Checklist of all the important code in order of importance:

  • server.js: the main code for running the server
  • config.env: all our secret passwords
  • routes/instagram.js: server endpoint definitions
  • services/hungryai.js: library functions for all the main app logic
  • models: definitions of all the objects we store in Mongo
  • services/google.js: any code that calls Google APIs
  • services/instagram.js: any code that calls Instagram APIs
  • services/recommender.js: implementation of our recommender algorithm, i.e. how to predict ratings and how to update weights when we get new reviews

server.js

The Hungry AI server is basically a while loop that waits around for people to send get/put requests and figures out how to respond to them. This while loop runs on some computer owned by Railway that we pay to use. You can start this while loop by saying node server.js. The act of sending our code to Railway and telling them to run node server.js is called deployment, and Railway automatically deploys our server every time there is a push to main so be super careful when you push to main or merge in a pull request.

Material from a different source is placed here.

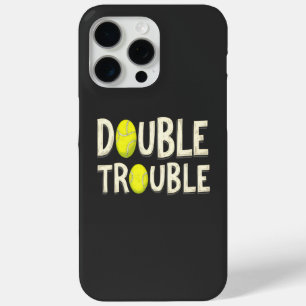 Coque iPhone 15 Pro Max Double difficulté Funny Tennis Balls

The server.js file itself isn't too interesting, it just sets everything up. It probably won't change that much.

config.env

This file contains all our secret passwords and as such SHOULD NEVER BE COMMITTED TO GITHUB! Mainly our Mongo, Instagram, and Google passwords. In server.js we load this package called dotenv which automatically turns these into process.env variables. So if you ever need to add a new password, add a line to config.env saying MY_PASSWORD=asdf1234 and then say process.env.MY_PASSWORD from your code.

To put these passwords into Railway, click on the Variables tab and insert them there. Careful, because updating a Variable also redeploys the server.

routes/instagram.js

This file contains all the endpoints of the server, meaning the URLs where you perform get/post requests. These are Express objects that take two arguments: (1) the URL of where to get/post (2) what function to call when you get one of those requests.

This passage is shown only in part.